民工潮不是在黨和政府的直接推動和組織下形成的,基本上是自發的,但同樣是億萬農民的自我選擇,因而勢不可擋,並對城鄉經濟和社會生活產生了巨大和深遠影響。外出打工已成農民增收的重要途徑。據調查,安徽省2000年,打工者寄回和帶回的現金達264億元,全省農民人均518元。在河南省社旗縣,全縣農村勞動力42萬,全縣常年務工人員有8萬多人,年創效益5億多元。還有4000多人次走出國門務工,其中常年在國外務工的有2000多人,年創經濟效益5000多萬元。該縣領導算了一筆帳,按一畝地年收入500元算,僅農民工打工一項,就等於為該縣增加了100萬畝耕地。(見2002年11月28日《農民日報》)。

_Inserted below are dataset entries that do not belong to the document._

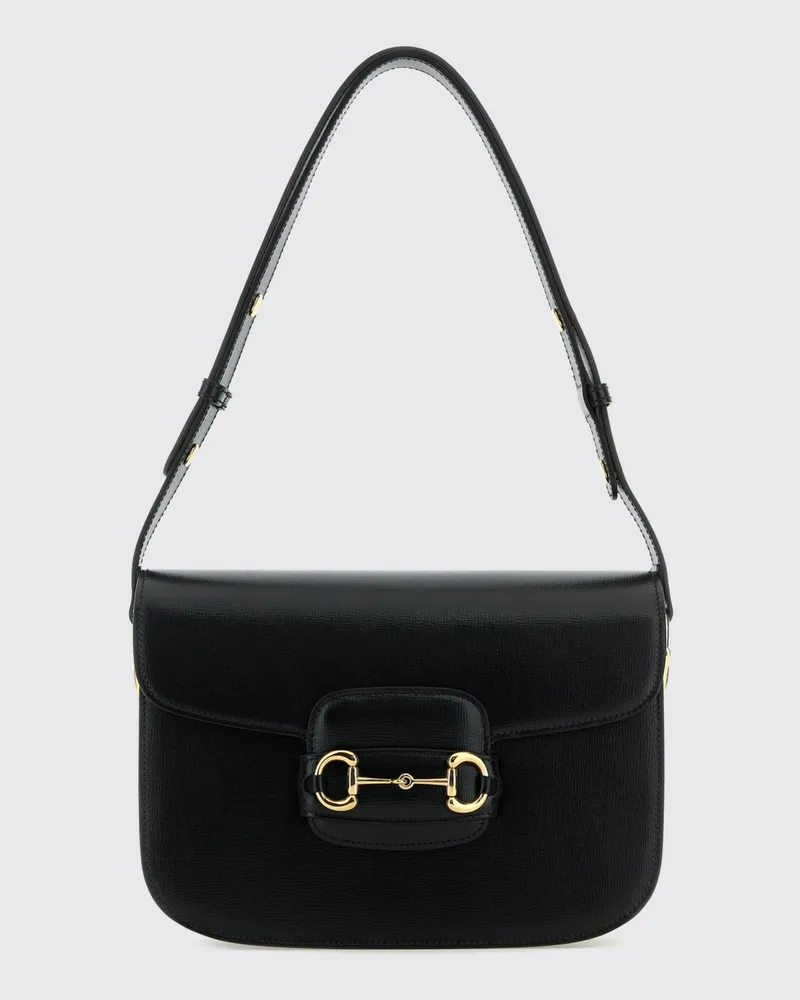 Gucci Horsebit 1955 Umhängetasche von aus Leder mit Logo-Detail Schwarz
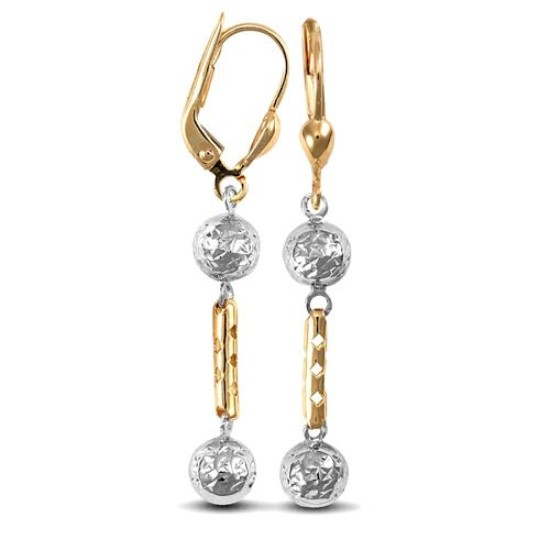 JER707 | 9ct Yellow And White Gold Drop Earrings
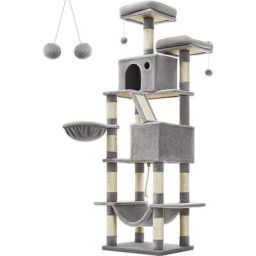 FEANDREA Arbre à Chat, Grande Tour de Jeux, Hauteur 206 cm, avec 13 Griffoirs, 1 Planche à Griffer,
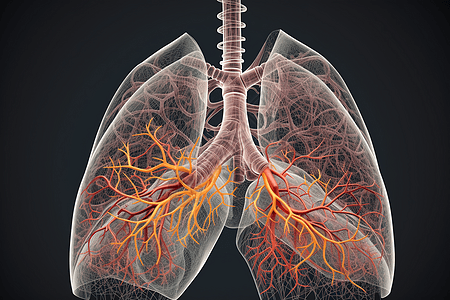 精确的呼吸系统模型背景图片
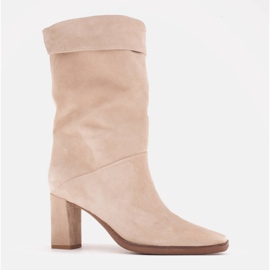 Marco Shoes Čizme do gležnja s visokim potpeticama s ovratnikom na okretanje bež 1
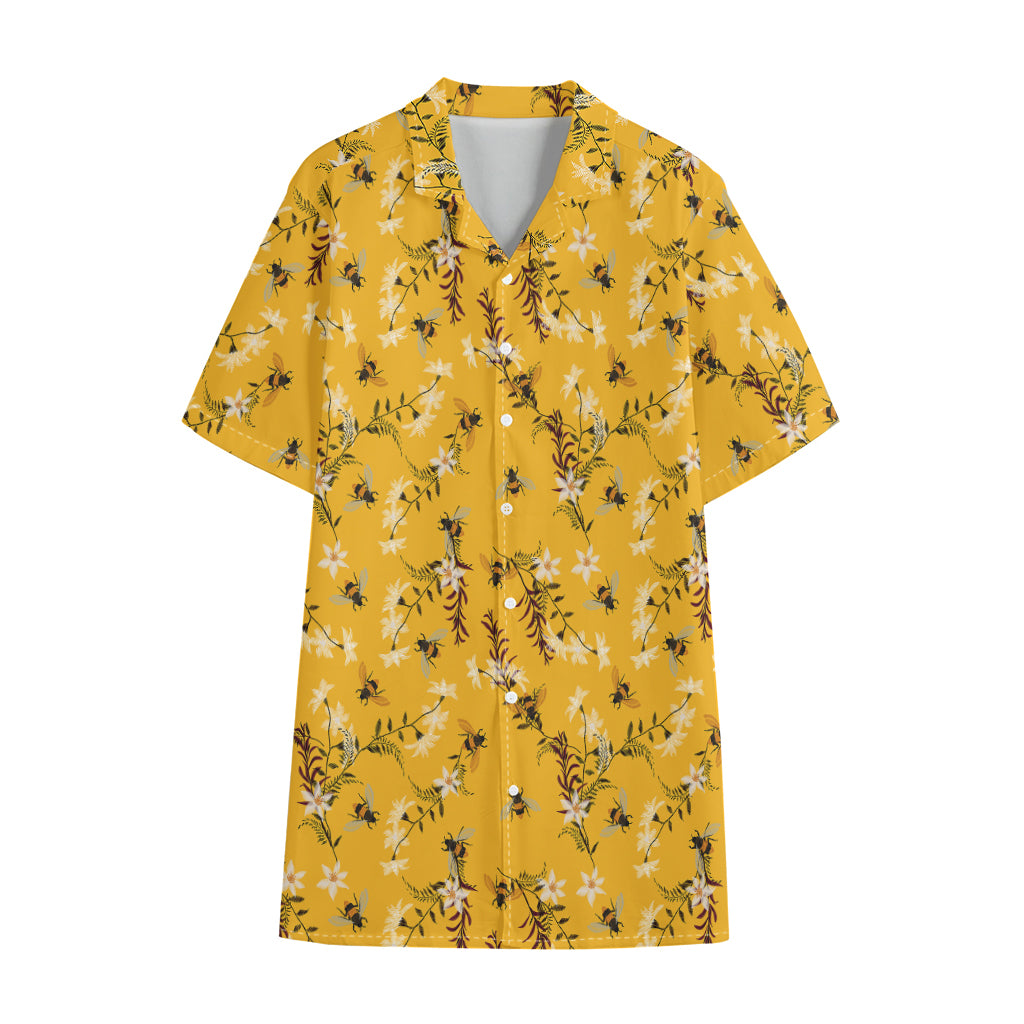 Bee Drawing Pattern Print Cotton Hawaiian Shirt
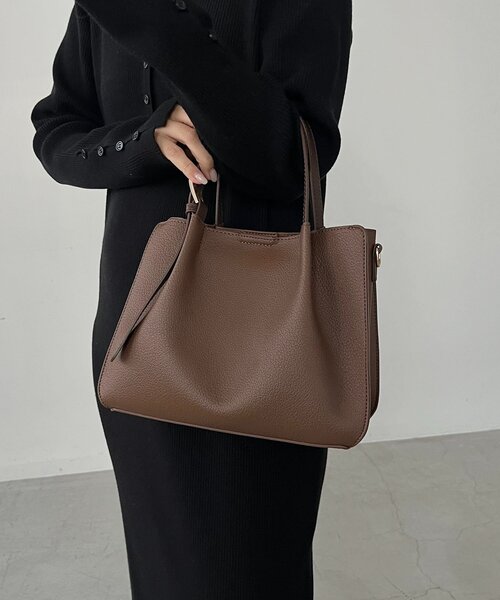 CAPRICIEUX LE'MAGE（カプリシューレマージュ）の「【ミニバッグSET】2SETタックハンドルバッグ（トートバッグ・レディース・ライトベージュ/ブラック/ブラウン・FREE）」の2枚目の写真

農民工進城,為城市提供了源源不斷的廉價勞動力,農民工干的多數是苦、重、髒、險活,是城裡人不願意幹的,滿足了發達地區勞動力結構性需求,為城市經濟發展注入了新的活力。

在南方外向型個業中勞動的,絕大部份是農民工。據資料介紹,廣東省外來務工者達1000多萬,人口154萬的東莞市外務工的就有500萬。

大量農村勞力進入城市就業,打破了城鄉分割的二元經濟結構,加快了城鄉信息、勞力、資金、技術的交流,促進了城鄉互補和共同發展。同時,大量的農民工外出,緩解了人多地少的矛盾,其無為經營的土地,逐步向種田能手和善於經營者集中,為農業結構調整、創造了必要的條件。

農民工具有中國勞動人民勤勞勇敢的傳統品德,吃苦耐勞,賦予進取,適應性強,沒有「鐵飯碗」、「大鍋飯」的歷史包袱;他們有較強的自主性;他們比較年輕,思想活躍,進可以到都市,退可以回農村,具有最大的適應性和靈活性,是中國特色社會主義市場經濟下的特殊群體。外出打工已成為農民學習知識、學習技能、獲取信息、學習經營的社會大學,對於培育新一代的工人階級和市民,培養一批適合中國社會的經營人才都有非常重要的意義。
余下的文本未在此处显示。